The GCPI index values for 2024-Q3 through 2025-Q4 were computed after-the-fact (i.e., back-filled), not recorded contemporaneously. Each price snapshot was reconstructed from web archive sources, third-party trackers, and provider announcements. All reconstructed observations carry confidence: reconstructed in the data files. The inaugural April 2026 value is the only directly observed period in v0.1.0. The reconstructed series is published as a supplementary trend series to provide context; it is not a substitute for a formal prospective price series.

Index composition changes across periods

The set of providers differs across historical periods:

  • Octo.ai (2024-Q3 only): Octo.ai was included in Q3 2024 at its published list price. The service was subsequently discontinued following its acquisition by NVIDIA. Octo.ai is excluded from all post-Q3 2024 periods.
  • Clarifai and Replicate added in 2024-Q4: These providers were added in Q4 2024 to reflect their growing market presence. Earlier periods without these providers are not directly composition-comparable.
  • AWS added in 2025-Q1: AWS G5 (spot) and AWS P5 (on-demand) derived prices were added from Q1 2025 onwards. Their inclusion shifts the GCPI level upward slightly due to higher derived prices; this is a composition effect, not a real price increase.

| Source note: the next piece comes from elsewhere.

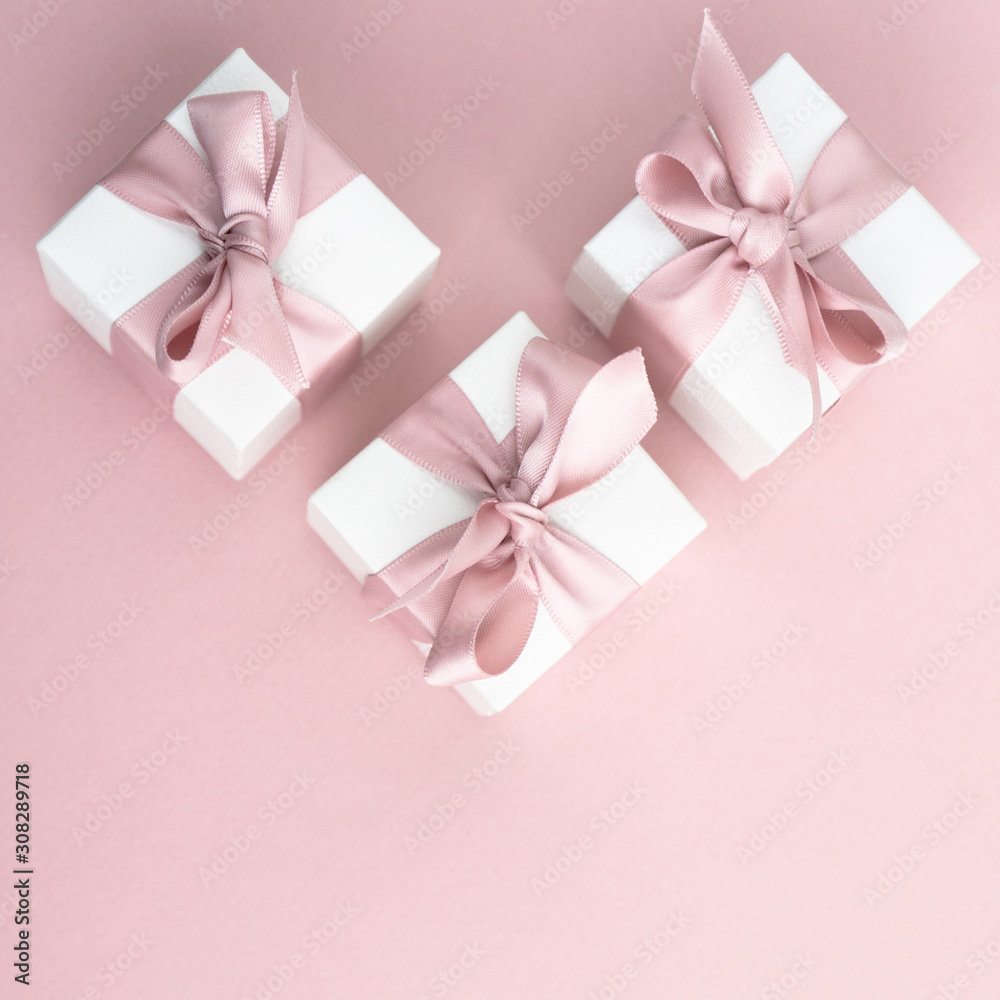 Gift boxes wiyh powdery ribbon. Powdery background. Silver bracelet with charms. Gift box for the New Year and Christmas. Best gift for Valentines Day and Mothers day. Gift boxes wiyh powdery ribbon. Powdery background. Silver bracelet with charms. Gift box for the New Year and Christmas. Best gift for Valentines Day and Mothers day.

A fixed-composition index holding only providers present in all periods would show a larger price decline. The published series uses a chained approach: each period uses the constituents available at that time, which better reflects the market structure of each period but limits strict period-over-period comparability. Users requiring strict composition consistency should download the underlying CSV files and compute custom series.

Groq pricing — input price only

Groq publishes separate input and output prices ($0.05 and $0.08 per 1M tokens respectively, as of April 2026). The GCPI uses the input price only ($0.050/1M), consistent with the index standard of USD per 1M input tokens. Prior to this clarification being formalized in v0.1.0, some internal working documents used a blended midpoint ($0.065). All published data files and index calculations use the input price exclusively.

Diewert, W.E. (1978). Superlative index numbers and consistency in aggregation. Econometrica, 46(4), 883–900.

MacKinlay, A.C. (1997). Event studies in economics and finance. Journal of Economic Literature, 35(1), 13–39.